113 内助の功
戮丸の放つ咆哮は、ここでも確かに圧を感じた。
殺意というには違う。単純に試行錯誤の途中、
しかしそれを目指すものは居ない。出来るわけが無いのだ。それぐらい誰にでもわかる。
ただ、それでもそこを目指してしまったから、普通のソレとは明らかに桁が違う声。
音で人間を擂り殺す。
当然出来てはいない。ただ、その声は音が何を意味する言葉だったか判らないほど大きすぎる。大型ライブスピーカーの前に立たされ大音量を浴びたようなものだ。
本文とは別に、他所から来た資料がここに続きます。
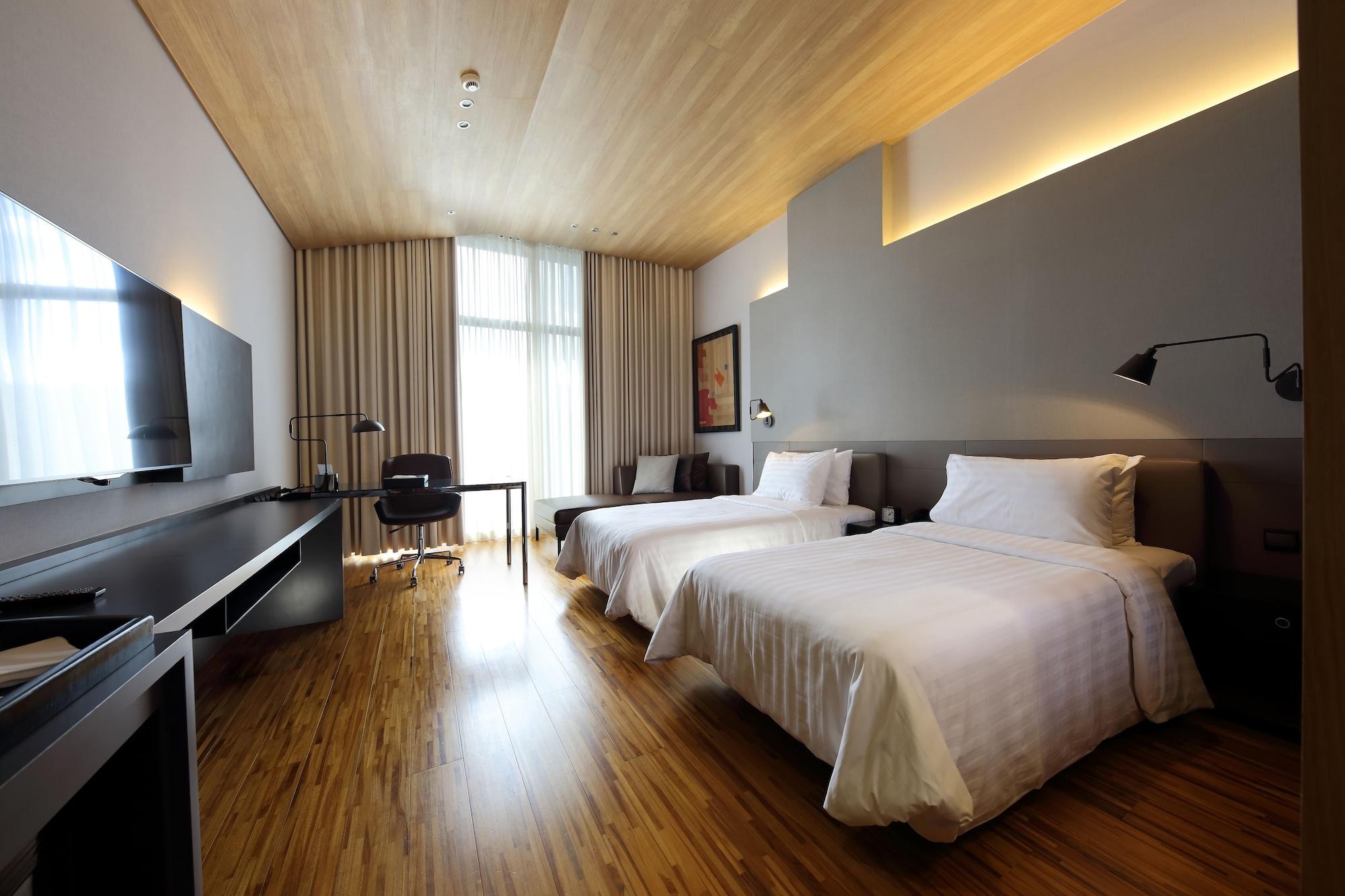 Midori Clark And Casino Hotel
意味を理解するより、音圧を喰らったというイメージの方が強すぎる。
アレの直撃はキツイ。グレゴリオは経験者だからよく判る。ダイオプサイトのは長々と詠唱の後にもかかわらず防御姿勢をとってしまった。頭の中身は真っ白に染まる。ダイオプサイトの技も恐るべきものだったが、その声が・・・その声こそが。
戮丸は血の鞭でオーメルを十字に打ち据える。素手で剣身を掴んだ際の傷だ。
大型の剣は刃が付いてない物だが、耐久性において現実の次元超えている。大剣には剃刀のような鋭利な刃を宿していた。
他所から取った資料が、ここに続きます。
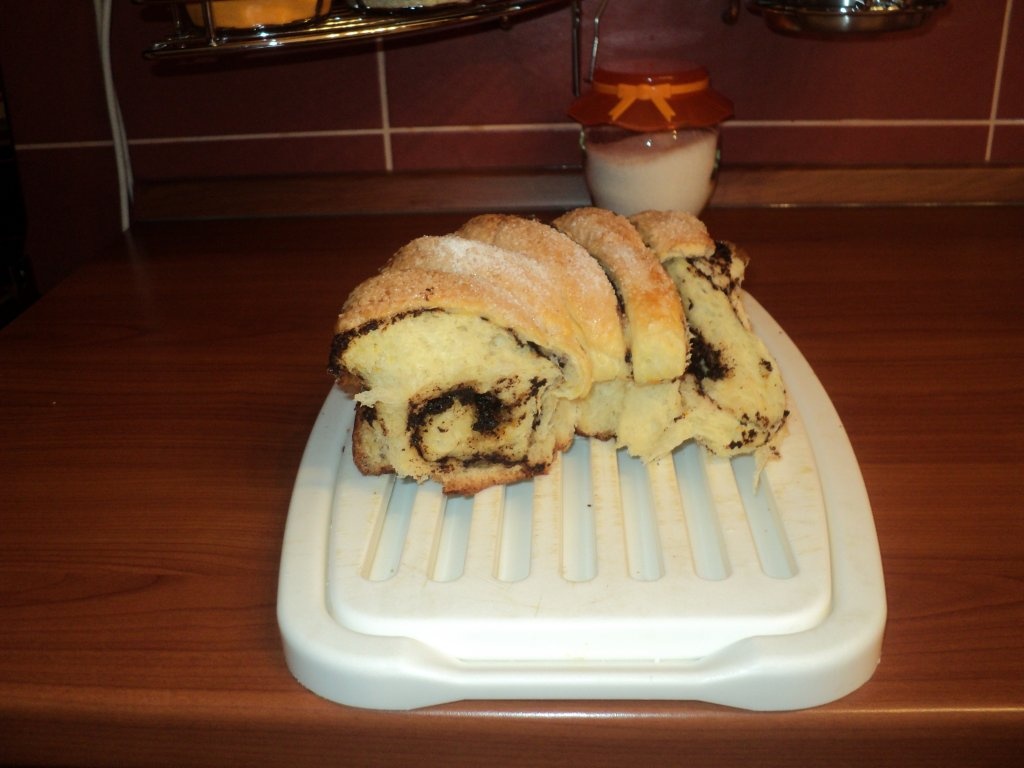 Coronită cu ciocolată din aluat dospit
血の鞭は実ダメージは無いが、ゆえにヘルメットのバイザーの隙間を縫って顔面に付着する。目潰しの効果はあったか?しかし実際はどうでもいい。
「・・・喰われたな」
赤と白の鎧武者ではあるが、その様は鞭打たれる奴隷と同じ。単純に防御姿勢なのだが・・・バイザー部をガントレットで拭う。意味を成さない。混乱は深いようだ。その仕草が血が目に入った事を戮丸に教える。
思考を真っ白にするだけ
無駄な行為を取らせるだけ
実際には取るに足らない効果だ。
それでもそうせざる終えないというのは・・・
この二つは致命的だ。ゆえに焦る。性質の悪いスパイラルは回り始める。
捕食者と被捕食者の格付けは決定してしまったかに見えた。
――オーメルは戮丸の斬撃を掴んだ。
オーメルは被捕食者足り得ない。
ここまで綺麗に誘導された。
されてしまった。
ならば――ならばこそ見えてくる目は有る。ソレは戮丸の持論。彼が勝った後、負けた後、オーメルに語った言葉だ。忘れるわけが無い。
“タラレバ”は存在しない。“――こうだったら”“――こうできれば”そんな事は世に広く言われている。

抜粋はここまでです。